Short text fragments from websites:
================
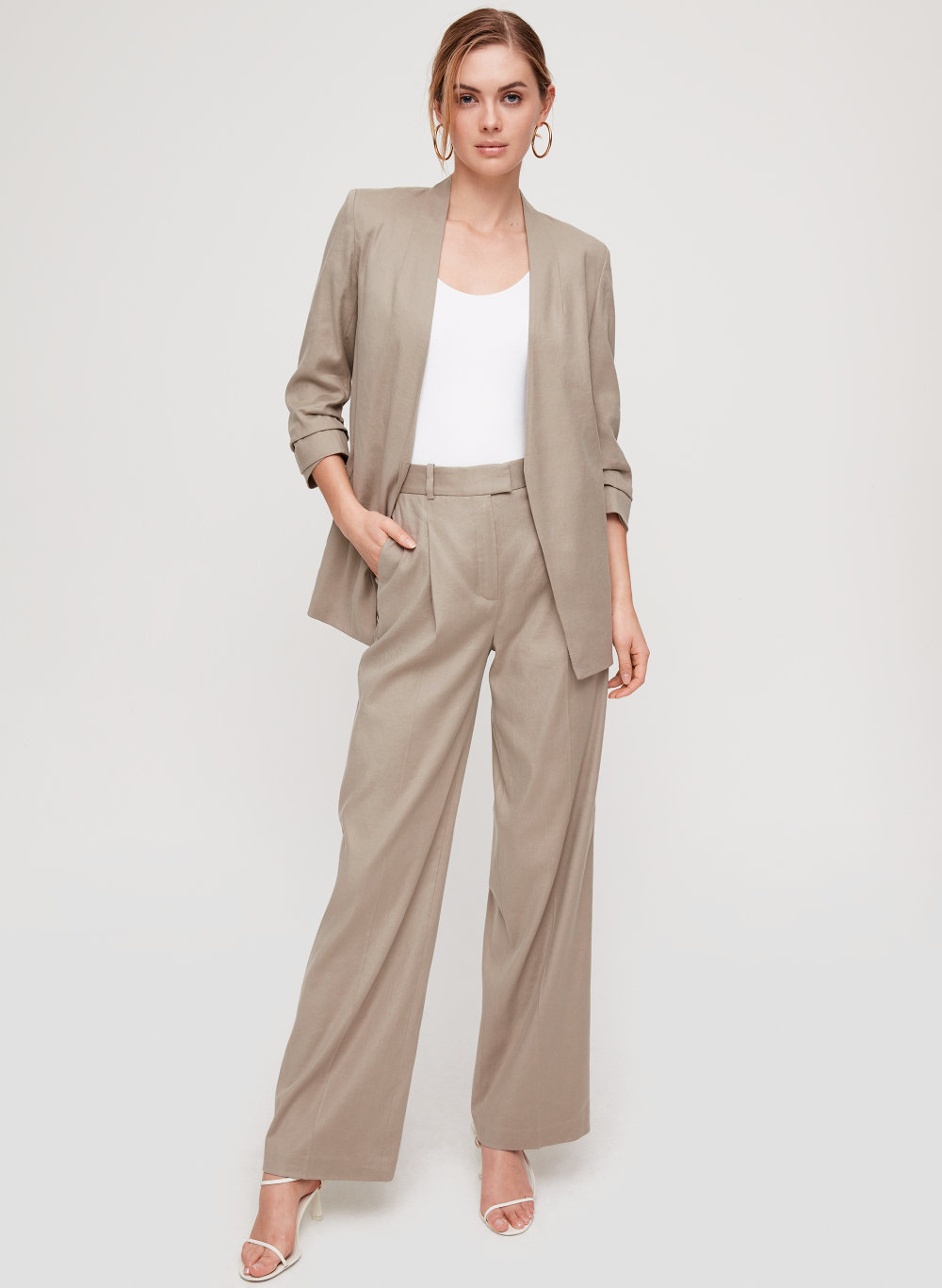 Babaton POWER LINEN BLAZER | Aritzia US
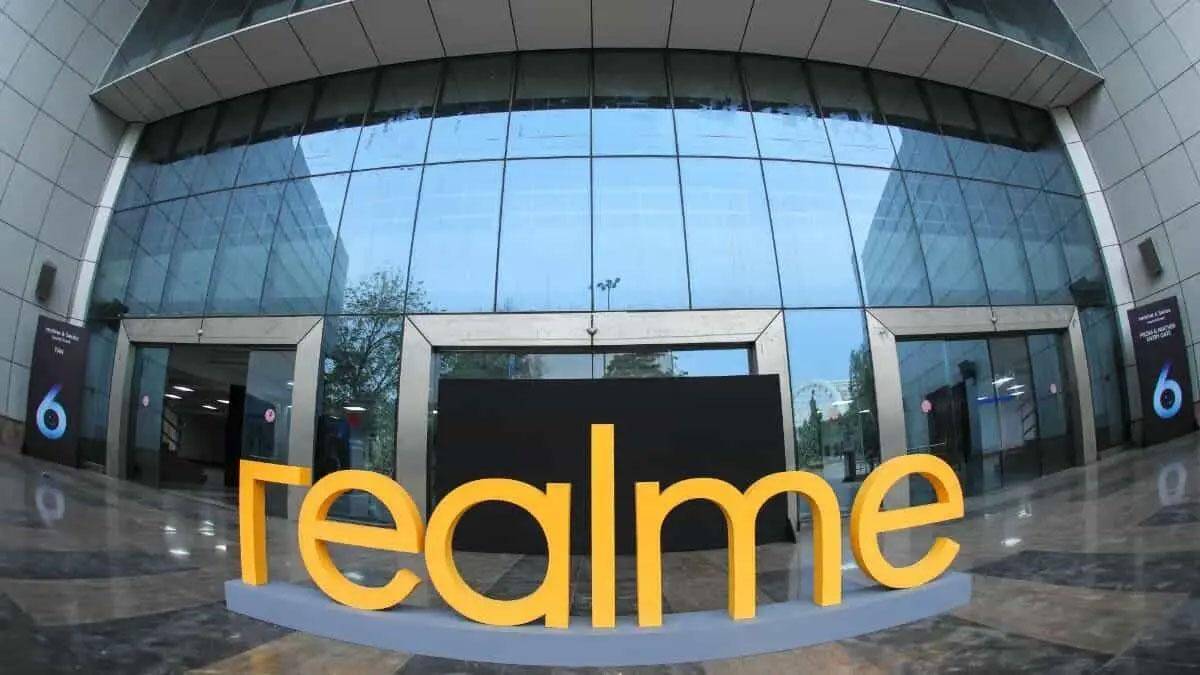 Витрина с логотипом Realme на входе в здание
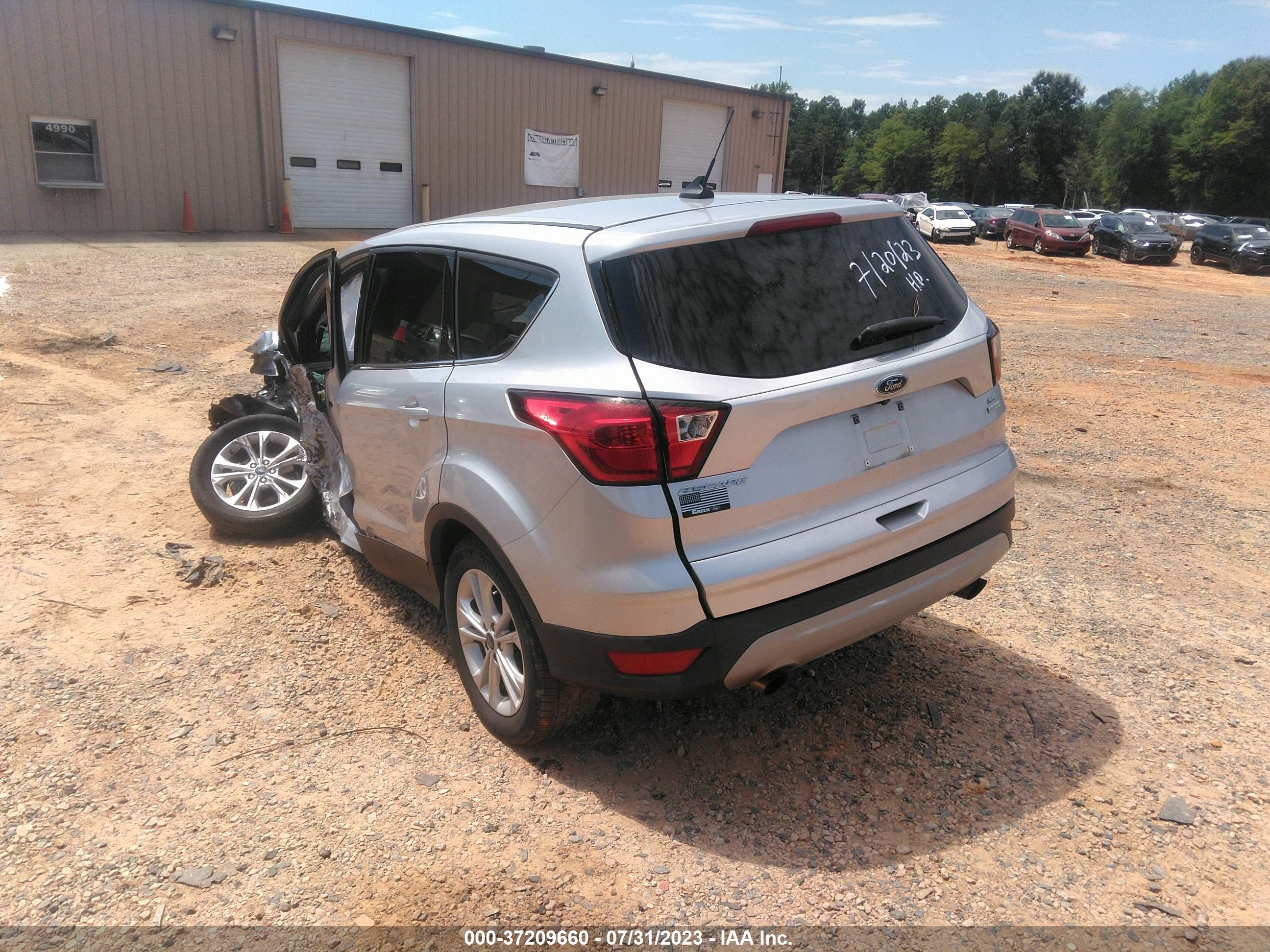 Photo 2 VIN: 1FMCU0GD6KUB93594 - FORD ESCAPE 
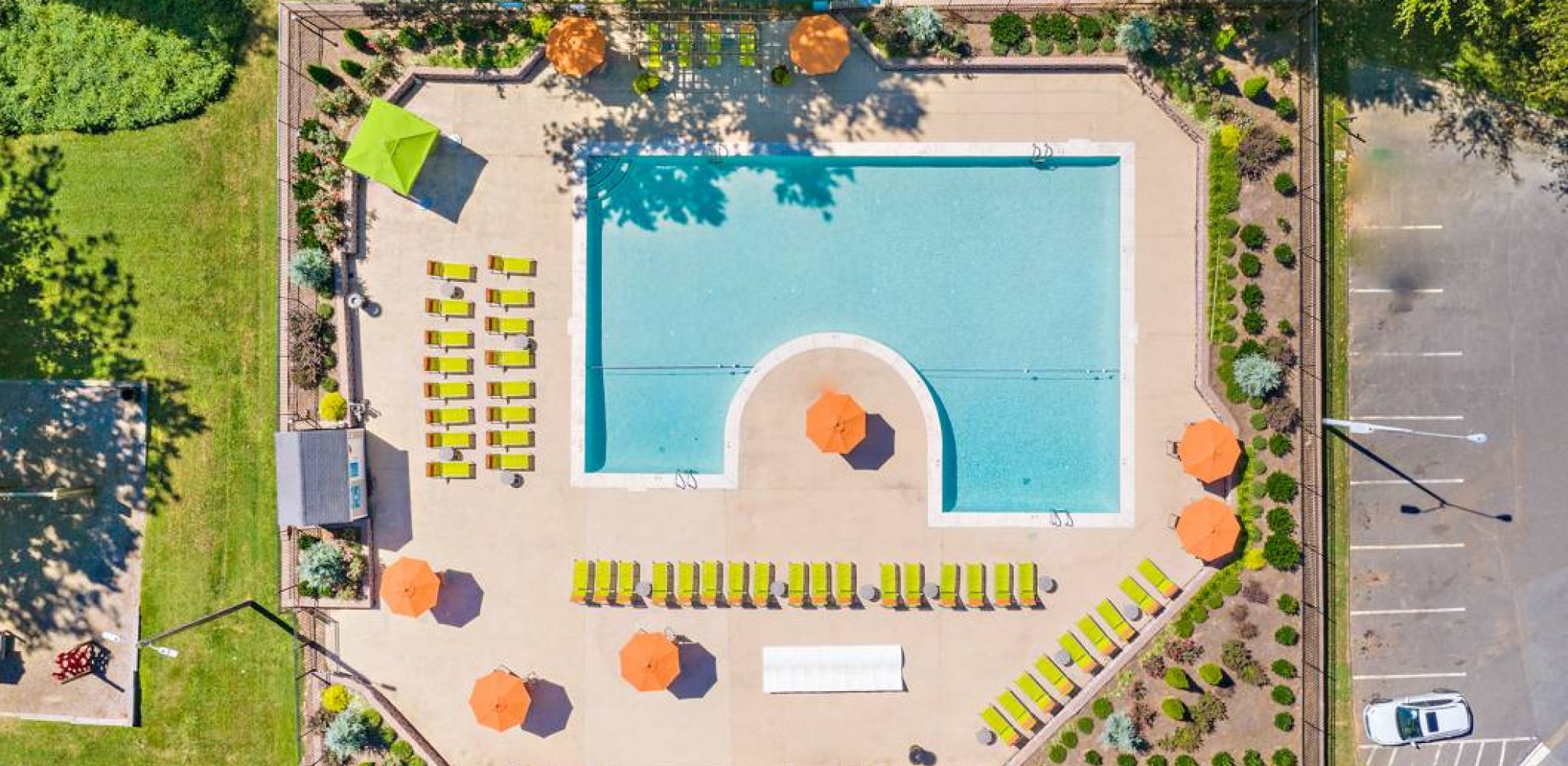 Hawthorne at Southside pool area with lounge chairs aerial view
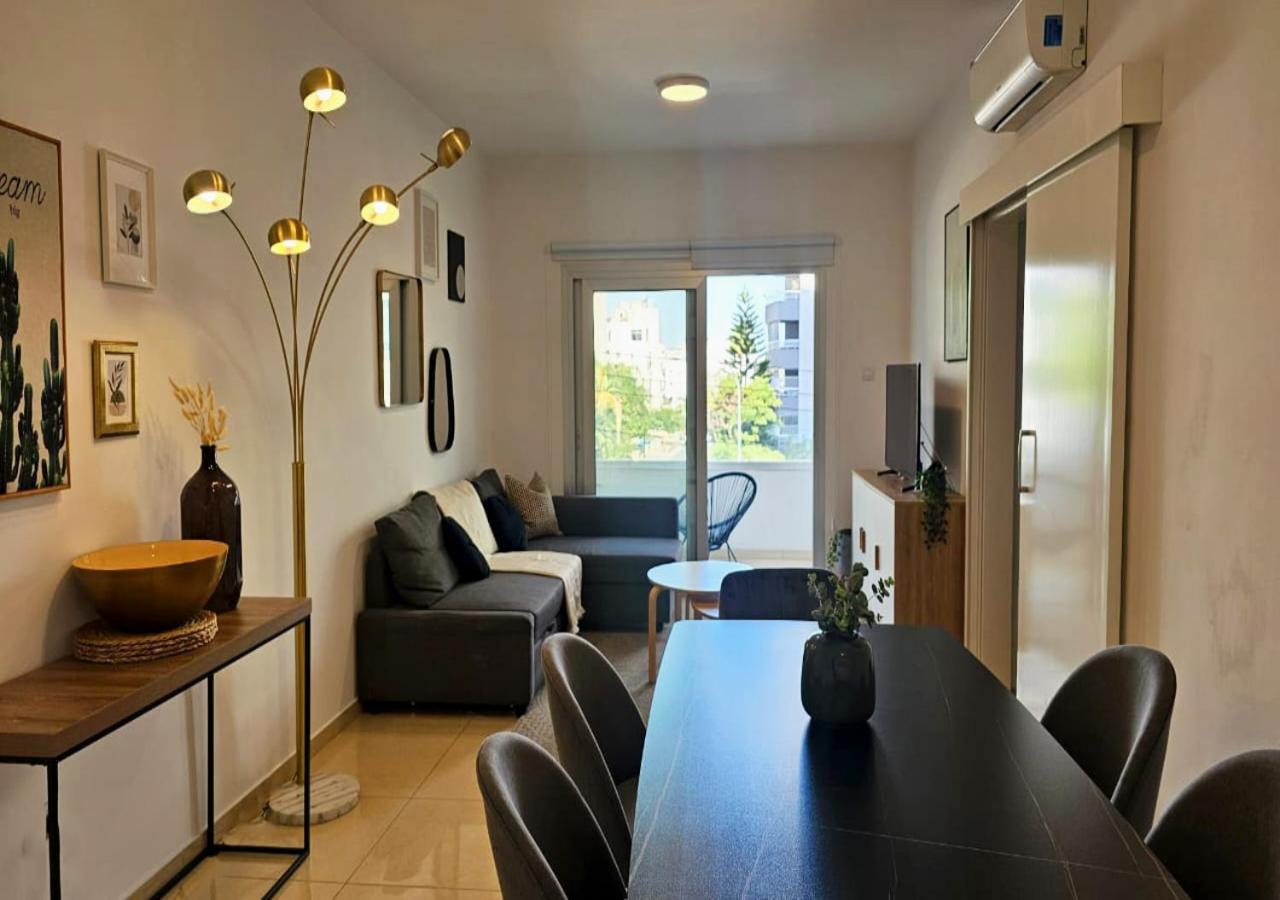 Phaedrus Living: Centre Luxury Flat Esperidon 201 *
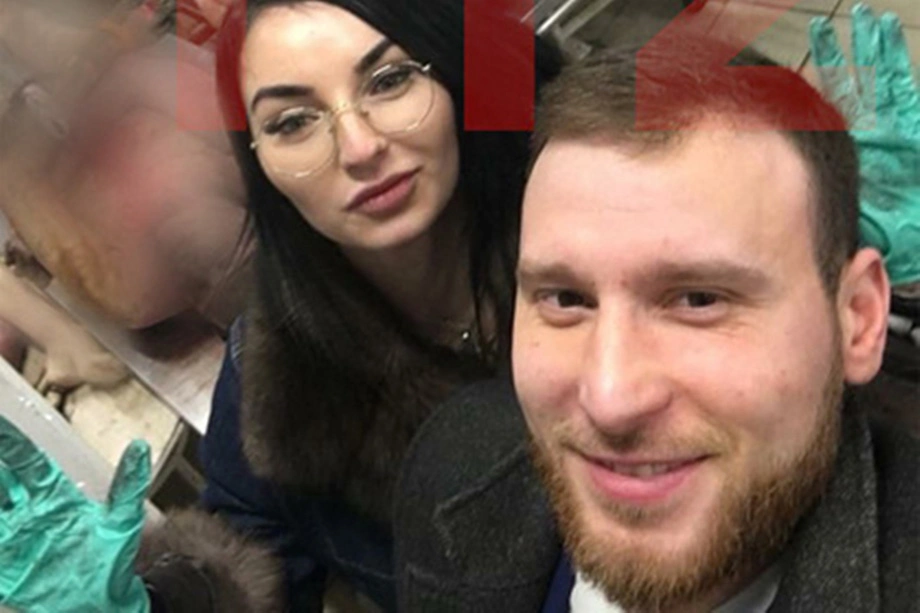 Московских полицейских уволили за селфи в морге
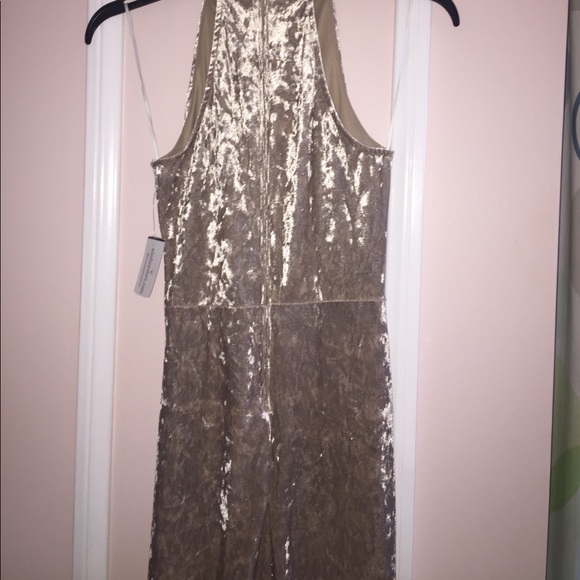 WINDSOR 2017 Winter Collection Dress - Picture 5 of 5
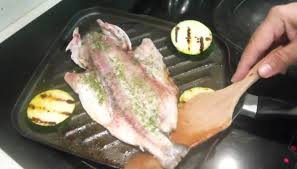 Si buscáis una receta fácil, rápida y sin renunciar a una dieta saludable cocinar a la plancha es una de nuestras mejores opciones. Lubina A La Plancha Youtube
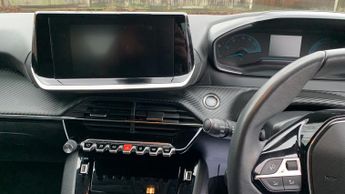 Peugeot 208 50kWh Allure Hatchback 5dr Electric Auto (136 ps)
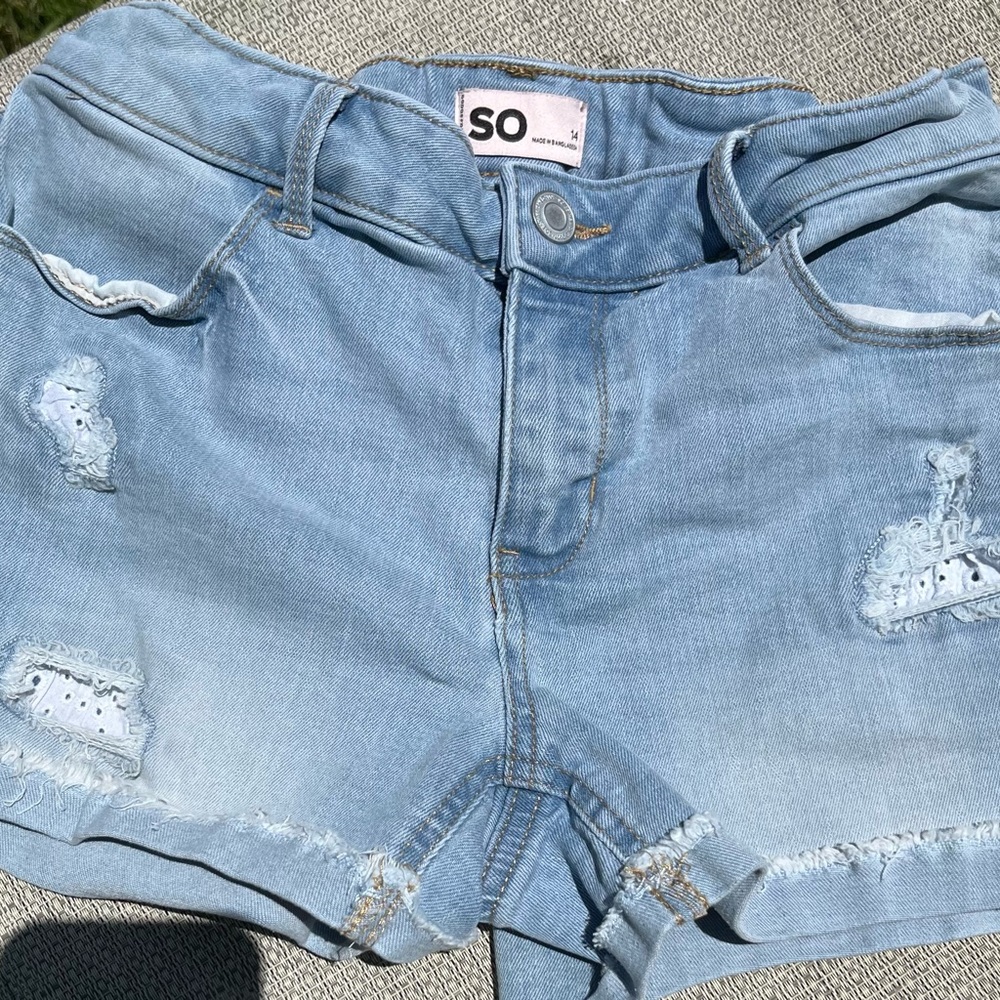 Girls size 14 denim cut off shorts by SO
================
Directions for this task:
Copy each line above precisely, dropping the pictures.

Response box:
 Babaton POWER LINEN BLAZER | Aritzia US
 Витрина с логотипом Realme на входе в здание
 Photo 2 VIN: 1FMCU0GD6KUB93594 - FORD ESCAPE 
 Hawthorne at Southside pool area with lounge chairs aerial view
 Phaedrus Living: Centre Luxury Flat Esperidon 201 *
 Московских полицейских уволили за селфи в морге
 WINDSOR 2017 Winter Collection Dress - Picture 5 of 5
 Si buscáis una receta fácil, rápida y sin renunciar a una dieta saludable cocinar a la plancha es una de nuestras mejores opciones. Lubina A La Plancha Youtube
 Peugeot 208 50kWh Allure Hatchback 5dr Electric Auto (136 ps)
 Girls size 14 denim cut off shorts by SO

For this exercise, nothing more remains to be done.